## Task:
Your copy of the listing should match it exactly, only without pictures.

## Source information:
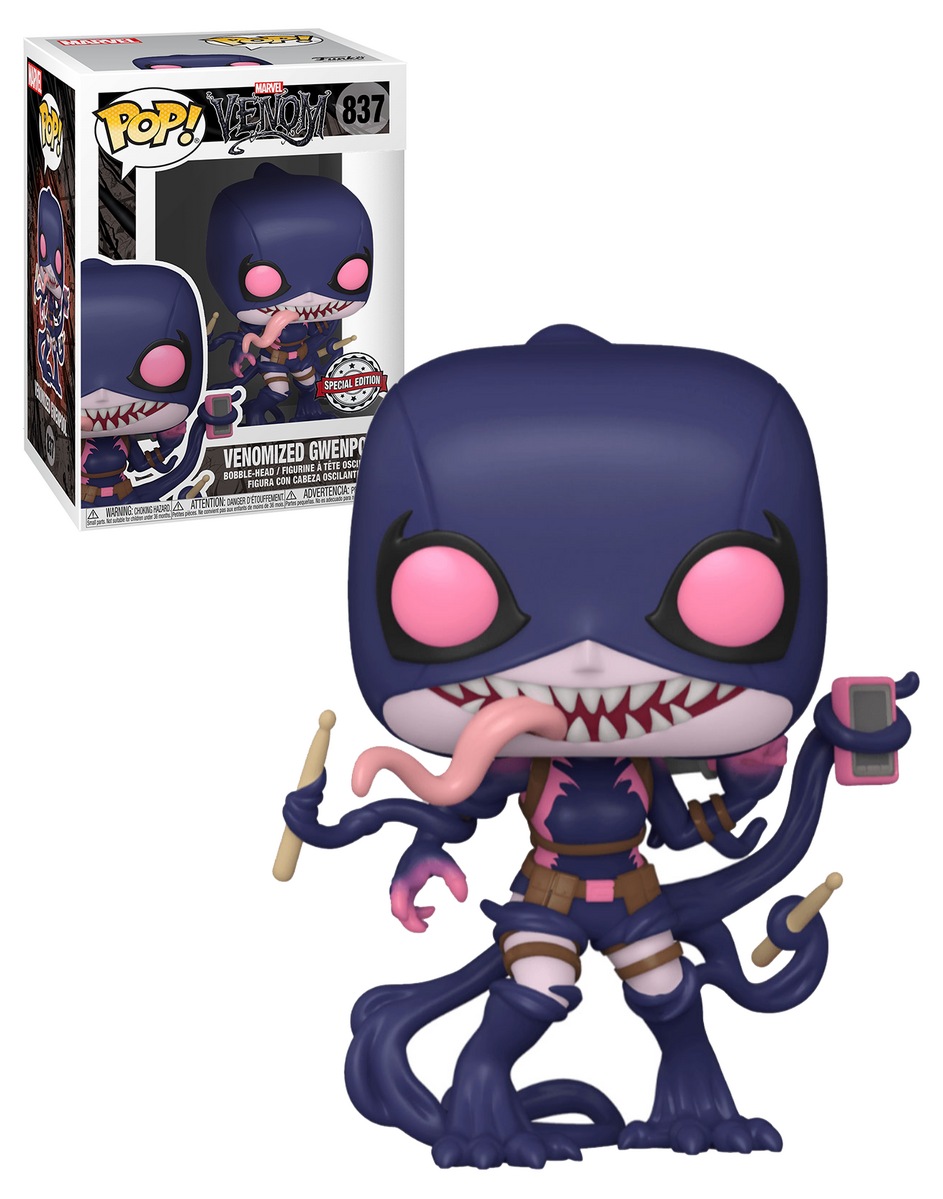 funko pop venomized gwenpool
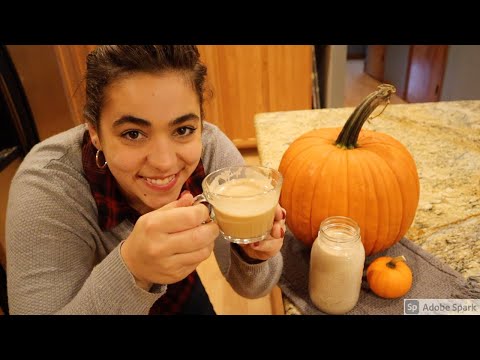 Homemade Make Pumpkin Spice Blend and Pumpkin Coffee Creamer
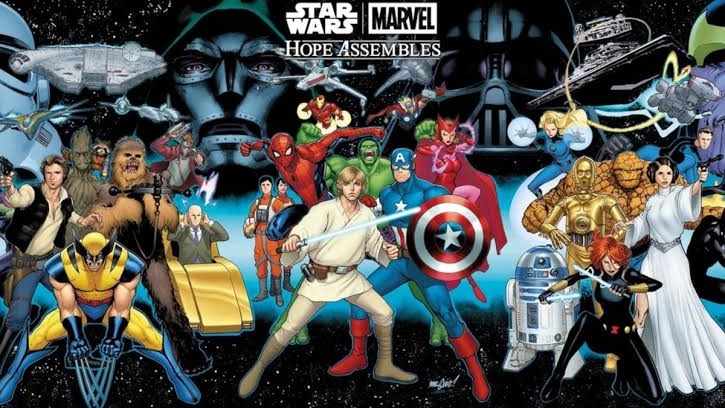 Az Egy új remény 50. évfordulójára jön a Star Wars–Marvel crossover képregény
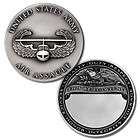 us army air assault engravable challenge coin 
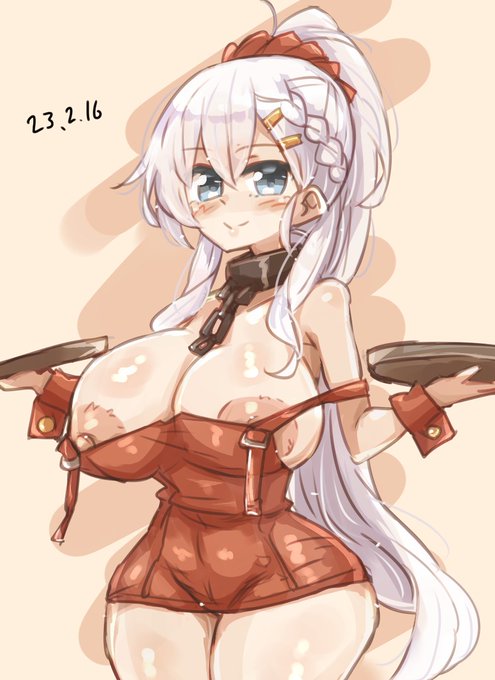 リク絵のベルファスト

## Solution for this exercise:
 funko pop venomized gwenpool
 Homemade Make Pumpkin Spice Blend and Pumpkin Coffee Creamer
 Az Egy új remény 50. évfordulójára jön a Star Wars–Marvel crossover képregény
 us army air assault engravable challenge coin 
 リク絵のベルファスト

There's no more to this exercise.